26
votes

We are using FontAwesome with Bootstrap. However, when we try to use FA with our custom minifier, it attempts to load the fonts from a relative path, which returns a 404, due to the way the minified URL structure is setup.

So we figured the best way to fix this was to add an additional CSS file to our minify list that would override the @font-face src URLs that FontAwesome's font uses. We basically just copied the @font-face definition from FontAwesome, and specified absolute URL locations.

However, now what happens is our correct URLs load the fonts AND the originally specified URLs from the FontAwesome CSS are attempted (resulting in the same 404 errors as before).

Are we doing something wrong, or is there really no way to override the @font-face src URLs so that 'upstream' definitions are totally ignored?

2
Can you post some code? - David Starkey
Is the web page loading and using the correct fonts? - rvidal
I have discovered the issue and will post it as a separate answer... ultimately it was a typo! Thanks for the feedback, as posting the code (as @DavidStarkey asked) was what ultimately led me to discover the problem! - Mason G. Zhwiti
I take it back, even with the fixed definition of @font-face, it's not working properly. - Mason G. Zhwiti
@rvidal To answer your question, the webpage loads properly, and the Font Awesome glyphs are showing up correctly.
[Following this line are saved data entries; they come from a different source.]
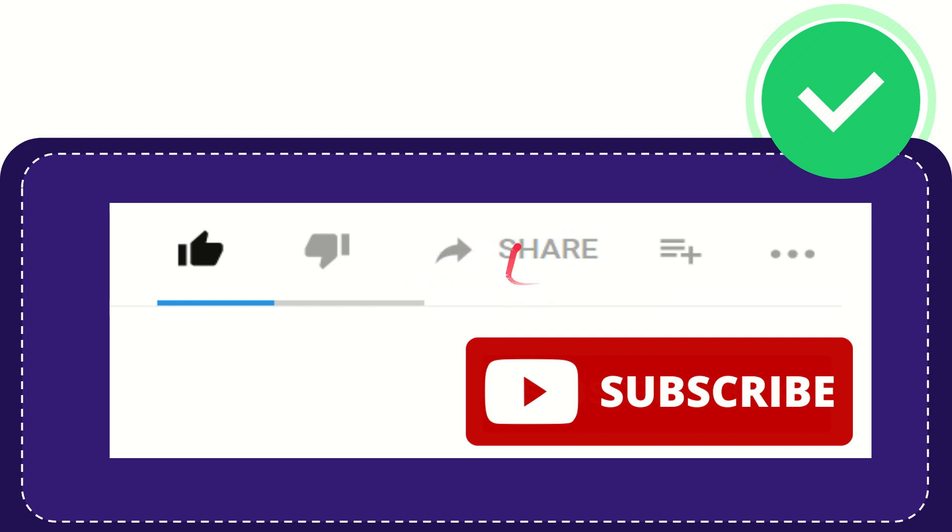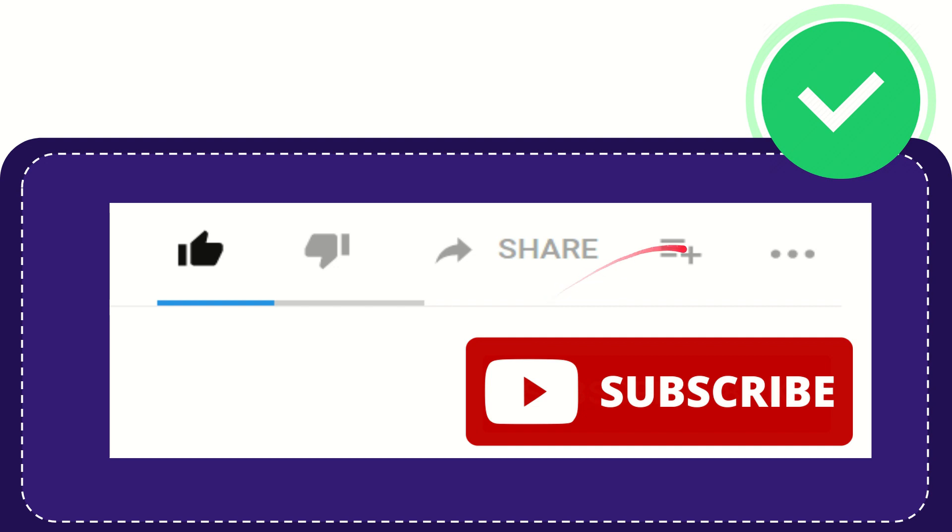you can share it by clicking this share button, and you can share it to any social media that you wish that is currently available at this time, like Facebook, Twitter, LinkedIn, and many others. Right? And if you want to add this video to your playlist, you can click this one, you can watch this video later, and you can find more options by clicking these three dots.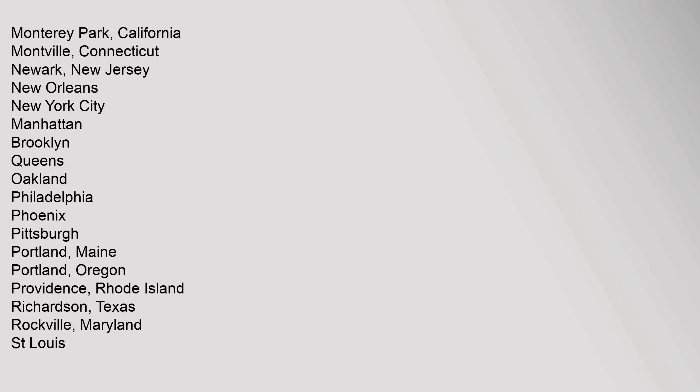Monterey Park California, Montville Connecticut, Newark New Jersey, New Orleans, New York City (Manhattan, Brooklyn, Queens), Oakland, Philadelphia, Phoenix, Pittsburgh, Portland Maine, Portland Oregon, Providence Rhode Island, Richardson Texas, Rockville Maryland, St. Louis.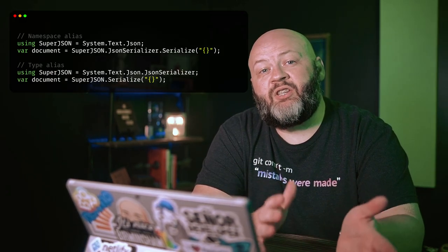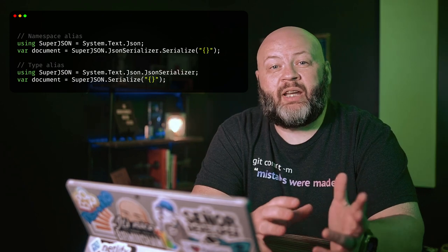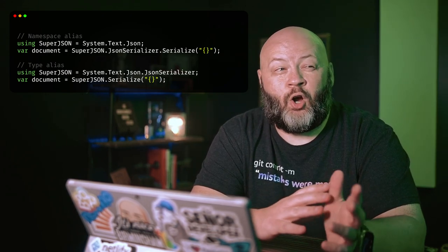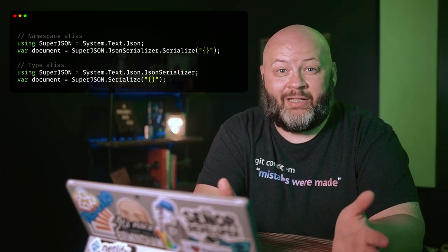C-sharp has had aliasing for namespaces and named types for a long time, and it's fantastic for avoiding naming conflicts or even simplifying the names of generic types. If you're not familiar with that, I'll show you an example here. But with C-sharp 12, we're gaining the ability to add aliases to almost every type. Let's talk about some of them.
So the only issue is just that the browser is making 3 additional requests that it doesn't need to make, each of them resulting in 404s as they don't exist where it's trying to hit. - Mason G. Zhwiti

2 Answers

16
votes

Simple override the font-family of the base CSS class:

.fa {
  font-family: 'FontAwesome2' !important;
}

Then, paste/include and edit the font definition:

@font-face {
  font-family: 'FontAwesome2';
  src: url('//host.domain/yourpath/fontawesome-webfont.eot?v=3.1.0');
  ...
  font-style: normal;
}
3
votes

UPDATE: The "solution" below did not actually work... we did in fact have a typo, but in subsequent testing, this was still not the root cause, and we are still facing the issue.

The solution is to be VERY CAREFUL when overriding the @font-face, making sure to provide all of the same formats used in the original @font-face. Otherwise it appears the browser sees it as a different definition, and will try to download files referenced in both, rather than overriding it.

So here is the definition in FontAwesome's CSS, which is referenced first.

@font-face {
  font-family: 'FontAwesome';
  src: url('../font/fontawesome-webfont.eot?v=3.1.0');
  src: url('../font/fontawesome-webfont.eot?#iefix&v=3.1.0') format('embedded-opentype'), 
    url('../font/fontawesome-webfont.woff?v=3.1.0') format('woff'), 
    url('../font/fontawesome-webfont.ttf?v=3.1.0') format('truetype'), 
    url('../font/fontawesome-webfont.svg#fontawesomeregular?v=3.1.0') format('svg');
  font-weight: normal;
  font-style: normal;
}

And when we tried to override, we accidentally dropped the "format('svg')" definition:

@font-face {
  font-family: 'FontAwesome';
  src: url('//ourdomain.com/includes/font-awesome-3.1.x/font/fontawesome-webfont.eot?v=3.0.1');
  src: url('//ourdomain.com/includes/font-awesome-3.1.x/font/fontawesome-webfont.eot?#iefix&v=3.0.1') format('embedded-opentype'),
    url('//ourdomain.com/includes/font-awesome-3.1.x/font/fontawesome-webfont.woff?v=3.0.1') format('woff'),
    url('//ourdomain.com/includes/font-awesome-3.1.x/font/fontawesome-webfont.ttf?v=3.0.1') format('truetype');
  font-weight: normal;
  font-style: normal;
}

Once we added the format('truetype') definition, we no longer experienced the additional hits that had resulted in 404s.